Microsoft said “unbelievable demand” exceeded capacity, resulting in the waitlist for free trials.

Jeffrey Schwartz

August 5, 2021

3 Min Read
Microsoft Windows 365 Cloud PC Now Available, Free Trials Paused
Microsoft

Microsoft’s Windows 365 Cloud PC service is now live, but there is already a waitlist for those requesting free trials. Due to “unbelievable demand” for 60-day trial accounts of the cloud-based VDI offering, Microsoft says it has reached capacity.

The new Windows 365 desktop as a service (DaaS) went live on Monday, just over two weeks after Microsoft revealed the new offering.

“We have seen unbelievable response to #Windows365 and need to pause our free trial program while we provision additional capacity,” tweeted Scott Manchester, Microsoft’s partner director for Windows 365.

View post on Twitter

Those who want to evaluate Windows 365 can either join the waiting list or buy it, according to Microsoft. The irony that Microsoft ran out of capacity for the free trials wasn’t lost among those commenting on the company’s announcement. “The cloud is full!” tweeted IT professional Barry Brown. Also chiming in was solution architect Matthew Nichols, who tweeted: “Wait?! What?!?! The cloud is not infinite.”

View post on Twitter

A Curiosity Run Amok

But it’s not surprising that customers and partners would want to try it before they buy it, said principal industry analyst Anurag Agrawal of Techaisle.

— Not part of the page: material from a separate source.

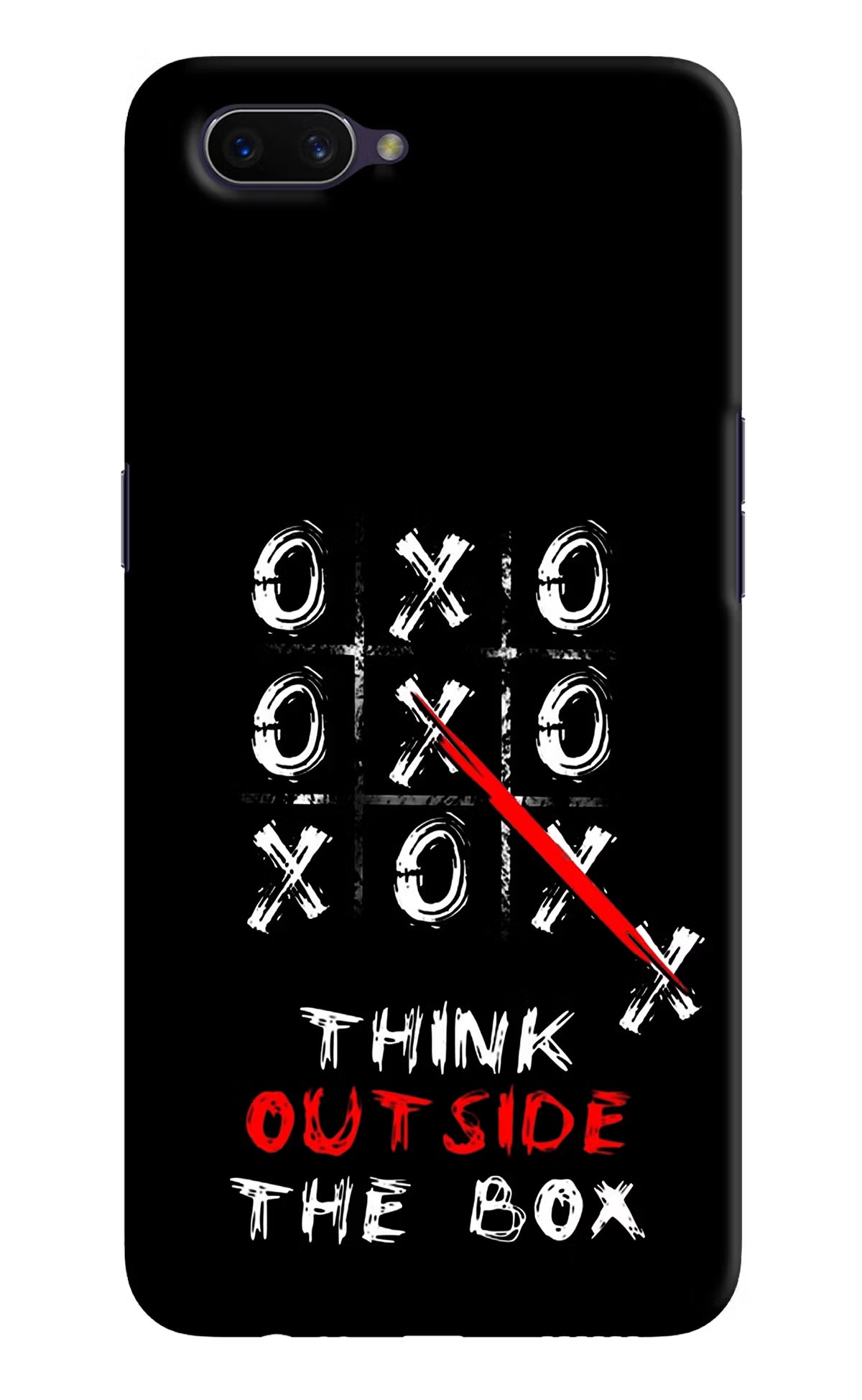 Think out of the BOX Oppo A3S Hard Case Back Cover by Casekaro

Agrawal-Anurag_Techaisle.jpg

Techaisle’s Anurag Agrawal

“Free trial is a curiosity run amok,” Agrawal said. “Users are experimenting. They want to know, does it work with on-PC software accelerators, drivers for performance, and for example, webcams, monitors and printers? What does Windows 365 replace in the technology stack? What are the roles of Citrix and VMware in the technology stack? Conversion from free to paid will be the absolute benchmark.”

Windows 365 Pricing Revealed

In addition to going live with Windows 365 this week, Microsoft disclosed the price list. Pricing ranges from $20 per user, per month, to $158. In total, there are 24 SKUs. As previously announced, there are two versions of Windows 365: Business and Enterprise, each offered in 12 different SKUs.

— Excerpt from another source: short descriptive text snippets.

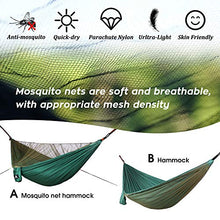 NATUREFUN Amaca da Campeggio da Viaggio | capacità di Carico 300kg,(290 x 140 cm) Traspirante Asciugatura Rapida Nylon da Paracadute | Accessori Completi, Facili da installare | per Esterno Giardino
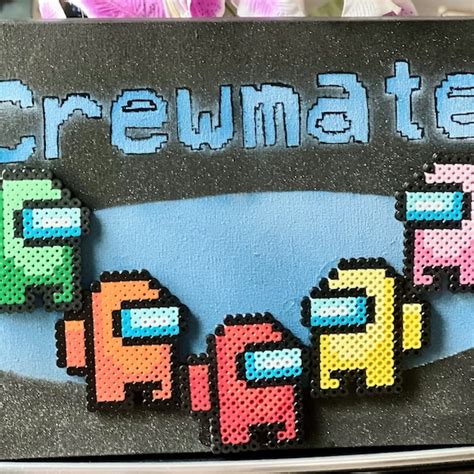 Perler Beads Among Us Etsy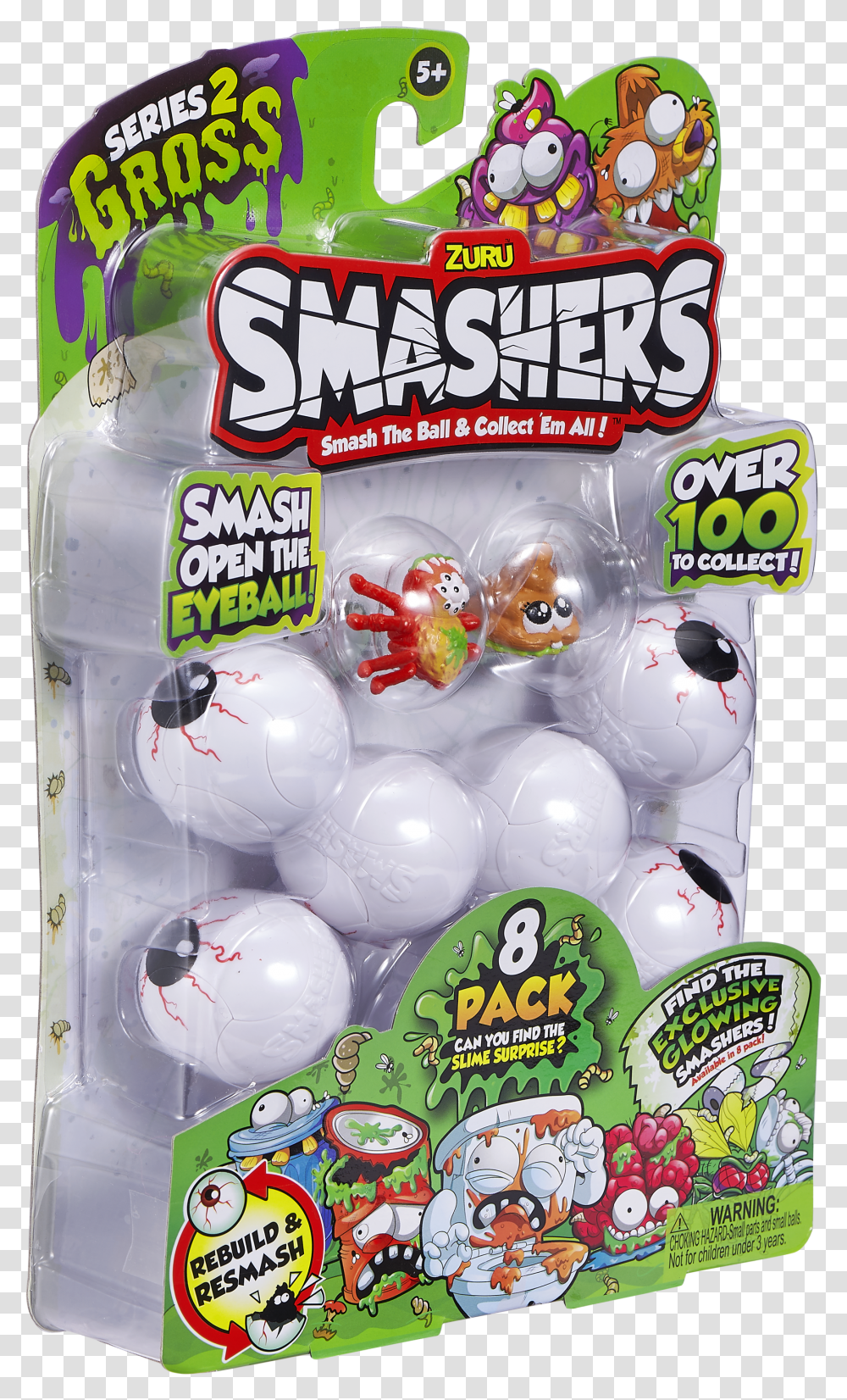 Series Smashers 2 Eight Pack Toys Transparent Png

The Business version is for organizations with up to 300 employees, while Windows 365 Enterprise is for larger customers. The latter, the company said, is more scalable, and offers centralized management with Microsoft Endpoint Manager.

Agrawal said the version suited for small and midsize businesses (SMBs) is the Business Basic edition. At $31 per user, per month, the Basic option offers 2 vCPUs, 4GB of RAM and 128GB of storage. It supports Teams chat and audio calls, and the desktop versions of Office apps, Outlook and OneDrive.

The Standard Edition also has 2vCPUs but comes offers 8 GB of RAM and the complete version of Teams. Premium, at $66, has 4 vCPUs, 16 GB of RAM and 128 GB of storage, supports the software in the Standard Edition plus Microsoft’s Visual Studio, Power BI and Office 365.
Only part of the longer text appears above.